Dataset entries:
● ● ● ●
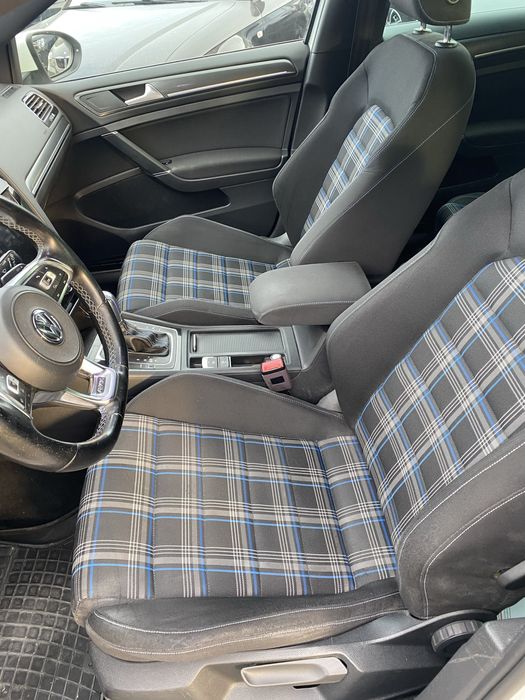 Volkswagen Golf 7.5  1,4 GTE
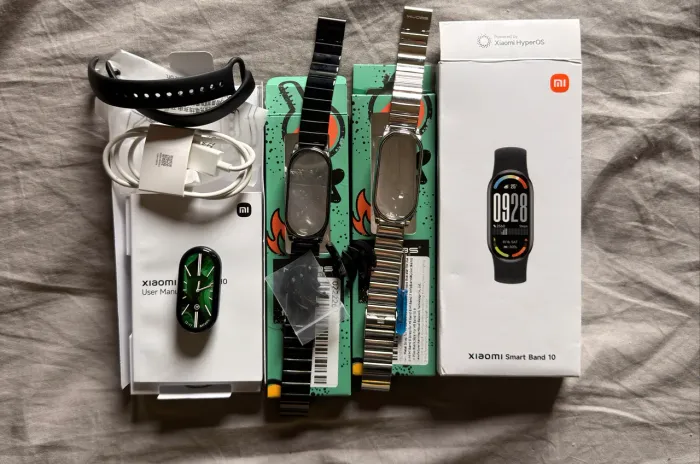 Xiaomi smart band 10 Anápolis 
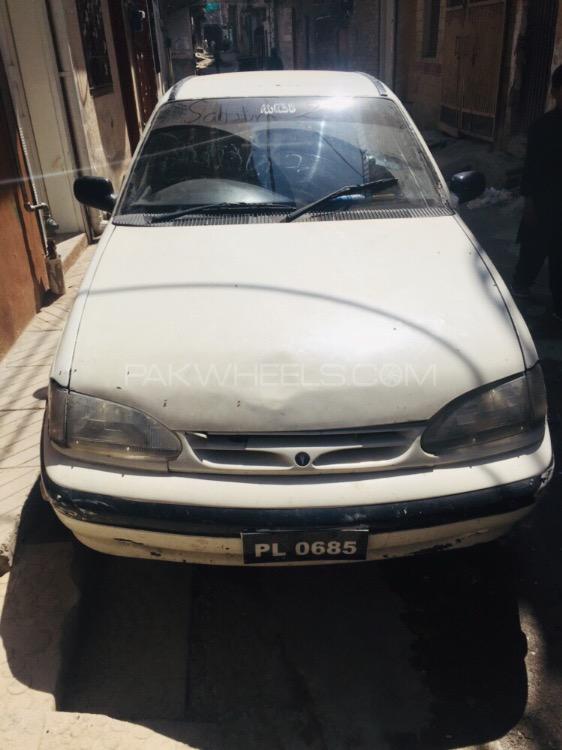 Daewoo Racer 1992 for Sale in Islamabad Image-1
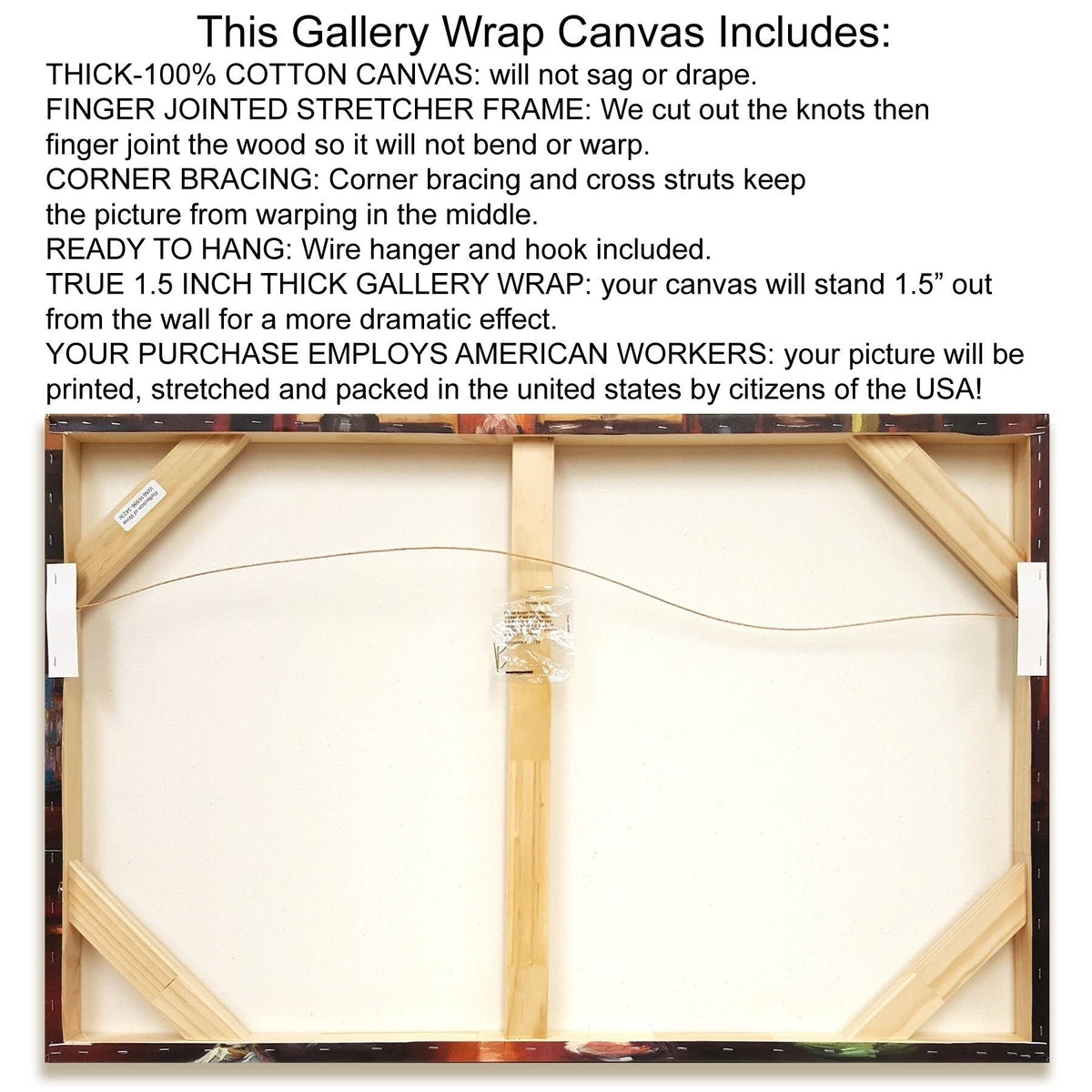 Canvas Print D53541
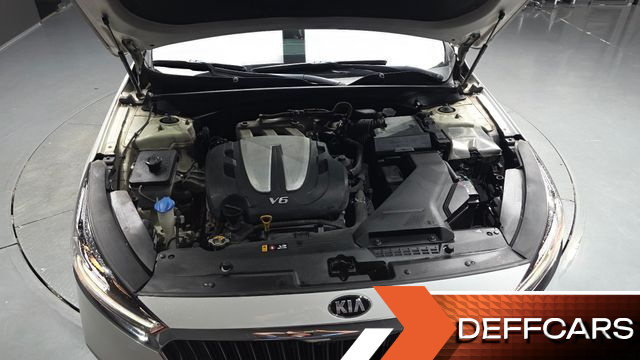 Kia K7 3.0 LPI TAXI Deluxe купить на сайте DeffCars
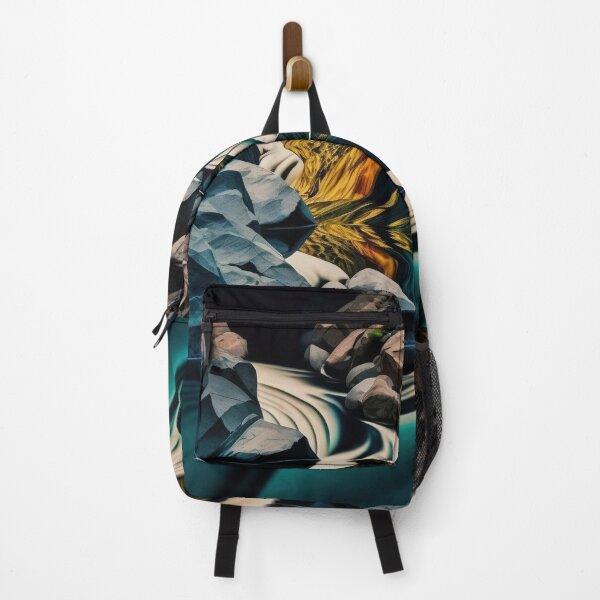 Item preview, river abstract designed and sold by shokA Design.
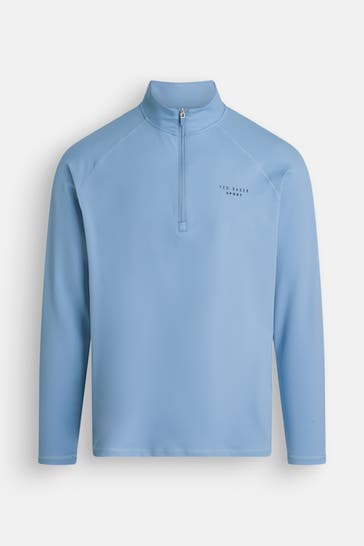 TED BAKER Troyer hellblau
● ● ● ●
Assignment: Every record is to be restated word for word, with the pictures left out.

Answer to this exercise:
 Volkswagen Golf 7.5  1,4 GTE
 Xiaomi smart band 10 Anápolis 
 Daewoo Racer 1992 for Sale in Islamabad Image-1
 Canvas Print D53541
 Kia K7 3.0 LPI TAXI Deluxe купить на сайте DeffCars
 Item preview, river abstract designed and sold by shokA Design.
 TED BAKER Troyer hellblau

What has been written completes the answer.